**** Provided records
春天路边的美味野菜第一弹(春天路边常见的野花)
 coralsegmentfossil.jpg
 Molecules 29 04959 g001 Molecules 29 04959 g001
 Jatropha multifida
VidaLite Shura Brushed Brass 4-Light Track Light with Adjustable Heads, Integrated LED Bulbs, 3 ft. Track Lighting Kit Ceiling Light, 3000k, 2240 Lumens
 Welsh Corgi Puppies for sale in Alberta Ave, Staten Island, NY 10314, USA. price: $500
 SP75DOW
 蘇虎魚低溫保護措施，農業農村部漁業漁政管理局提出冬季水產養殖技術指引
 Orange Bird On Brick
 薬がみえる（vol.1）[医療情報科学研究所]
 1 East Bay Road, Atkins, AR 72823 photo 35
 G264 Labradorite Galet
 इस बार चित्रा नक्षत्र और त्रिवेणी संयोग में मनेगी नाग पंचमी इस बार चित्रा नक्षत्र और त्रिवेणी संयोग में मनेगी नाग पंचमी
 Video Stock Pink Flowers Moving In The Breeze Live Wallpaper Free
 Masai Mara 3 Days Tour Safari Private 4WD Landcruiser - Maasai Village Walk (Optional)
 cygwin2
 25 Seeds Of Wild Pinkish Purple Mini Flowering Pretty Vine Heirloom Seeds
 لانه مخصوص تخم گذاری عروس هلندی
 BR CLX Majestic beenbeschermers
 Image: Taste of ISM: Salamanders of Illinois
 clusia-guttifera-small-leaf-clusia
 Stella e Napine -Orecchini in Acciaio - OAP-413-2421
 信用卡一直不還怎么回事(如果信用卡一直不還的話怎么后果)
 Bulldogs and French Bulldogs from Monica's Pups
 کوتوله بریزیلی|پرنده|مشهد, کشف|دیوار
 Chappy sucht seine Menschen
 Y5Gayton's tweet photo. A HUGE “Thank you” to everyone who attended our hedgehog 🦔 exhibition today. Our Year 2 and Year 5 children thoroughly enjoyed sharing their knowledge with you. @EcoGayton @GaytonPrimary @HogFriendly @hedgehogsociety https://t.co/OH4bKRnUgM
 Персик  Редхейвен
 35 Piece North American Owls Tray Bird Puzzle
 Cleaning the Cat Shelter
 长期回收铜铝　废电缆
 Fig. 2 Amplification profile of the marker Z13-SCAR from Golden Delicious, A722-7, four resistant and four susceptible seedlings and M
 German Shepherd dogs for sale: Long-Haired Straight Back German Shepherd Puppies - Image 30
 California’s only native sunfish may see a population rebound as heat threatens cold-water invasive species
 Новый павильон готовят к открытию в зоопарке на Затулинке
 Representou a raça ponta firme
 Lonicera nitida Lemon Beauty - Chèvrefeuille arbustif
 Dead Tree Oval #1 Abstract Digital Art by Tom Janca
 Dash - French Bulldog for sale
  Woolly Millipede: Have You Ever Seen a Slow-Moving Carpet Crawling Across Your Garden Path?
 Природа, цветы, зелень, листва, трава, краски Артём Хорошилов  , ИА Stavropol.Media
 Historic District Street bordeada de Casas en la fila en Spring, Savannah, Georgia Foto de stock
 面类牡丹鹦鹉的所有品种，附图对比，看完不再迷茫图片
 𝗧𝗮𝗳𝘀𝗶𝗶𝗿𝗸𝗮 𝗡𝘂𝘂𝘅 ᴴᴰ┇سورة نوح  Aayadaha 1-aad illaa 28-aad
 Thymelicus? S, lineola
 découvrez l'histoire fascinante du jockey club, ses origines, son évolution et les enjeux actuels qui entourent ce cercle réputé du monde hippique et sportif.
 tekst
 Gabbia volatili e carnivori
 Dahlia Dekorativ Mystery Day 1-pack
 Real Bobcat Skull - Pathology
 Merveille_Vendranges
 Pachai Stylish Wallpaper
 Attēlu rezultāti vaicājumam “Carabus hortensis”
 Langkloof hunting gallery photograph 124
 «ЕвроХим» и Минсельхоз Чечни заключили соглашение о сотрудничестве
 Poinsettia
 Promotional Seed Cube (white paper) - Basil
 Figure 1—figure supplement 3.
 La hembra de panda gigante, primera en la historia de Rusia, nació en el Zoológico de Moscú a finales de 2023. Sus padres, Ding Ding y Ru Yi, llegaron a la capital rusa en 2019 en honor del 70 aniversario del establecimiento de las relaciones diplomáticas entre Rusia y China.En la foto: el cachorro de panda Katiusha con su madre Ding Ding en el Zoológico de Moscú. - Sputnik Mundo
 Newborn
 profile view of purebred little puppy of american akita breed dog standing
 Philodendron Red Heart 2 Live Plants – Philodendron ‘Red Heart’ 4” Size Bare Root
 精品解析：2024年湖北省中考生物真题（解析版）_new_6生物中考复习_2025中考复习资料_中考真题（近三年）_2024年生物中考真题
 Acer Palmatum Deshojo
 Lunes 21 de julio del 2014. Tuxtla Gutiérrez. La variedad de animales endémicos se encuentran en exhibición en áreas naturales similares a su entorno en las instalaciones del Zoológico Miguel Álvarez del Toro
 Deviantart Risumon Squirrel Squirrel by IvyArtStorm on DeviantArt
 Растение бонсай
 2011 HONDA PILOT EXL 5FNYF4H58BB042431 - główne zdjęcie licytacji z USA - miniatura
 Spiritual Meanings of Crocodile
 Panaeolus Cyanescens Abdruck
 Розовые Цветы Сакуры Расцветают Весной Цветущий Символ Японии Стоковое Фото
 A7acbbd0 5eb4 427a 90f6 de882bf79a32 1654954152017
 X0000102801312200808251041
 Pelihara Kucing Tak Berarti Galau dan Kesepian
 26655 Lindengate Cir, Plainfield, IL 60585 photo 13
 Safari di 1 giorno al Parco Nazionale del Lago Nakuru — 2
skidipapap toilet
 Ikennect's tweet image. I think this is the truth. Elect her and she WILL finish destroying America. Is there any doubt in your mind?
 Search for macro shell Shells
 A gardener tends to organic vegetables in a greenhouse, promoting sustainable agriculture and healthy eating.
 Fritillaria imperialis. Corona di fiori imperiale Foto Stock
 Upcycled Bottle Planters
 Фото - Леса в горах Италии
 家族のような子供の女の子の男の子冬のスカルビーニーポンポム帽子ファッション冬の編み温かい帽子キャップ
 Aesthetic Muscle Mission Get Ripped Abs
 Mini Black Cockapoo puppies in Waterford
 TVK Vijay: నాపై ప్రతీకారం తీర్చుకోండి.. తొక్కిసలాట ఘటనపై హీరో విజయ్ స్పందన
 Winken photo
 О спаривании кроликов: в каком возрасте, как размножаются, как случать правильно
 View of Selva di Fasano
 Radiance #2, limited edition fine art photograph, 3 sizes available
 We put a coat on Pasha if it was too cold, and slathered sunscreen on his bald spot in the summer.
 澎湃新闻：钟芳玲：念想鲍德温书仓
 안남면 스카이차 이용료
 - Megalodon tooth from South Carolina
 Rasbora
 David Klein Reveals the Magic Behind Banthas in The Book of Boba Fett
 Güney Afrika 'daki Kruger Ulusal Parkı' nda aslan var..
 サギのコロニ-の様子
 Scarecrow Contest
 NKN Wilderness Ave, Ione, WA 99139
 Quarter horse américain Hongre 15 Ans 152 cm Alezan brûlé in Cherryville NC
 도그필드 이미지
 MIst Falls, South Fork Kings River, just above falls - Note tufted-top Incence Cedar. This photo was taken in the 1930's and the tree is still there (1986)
********
**What is required**
The first line of the listing above through the line containing "Orange Bird On Brick": print exactly that, both ends included.

**Exercise answer**
春天路边的美味野菜第一弹(春天路边常见的野花)
 coralsegmentfossil.jpg
 Molecules 29 04959 g001 Molecules 29 04959 g001
 Jatropha multifida
VidaLite Shura Brushed Brass 4-Light Track Light with Adjustable Heads, Integrated LED Bulbs, 3 ft. Track Lighting Kit Ceiling Light, 3000k, 2240 Lumens
 Welsh Corgi Puppies for sale in Alberta Ave, Staten Island, NY 10314, USA. price: $500
 SP75DOW
 蘇虎魚低溫保護措施，農業農村部漁業漁政管理局提出冬季水產養殖技術指引
 Orange Bird On Brick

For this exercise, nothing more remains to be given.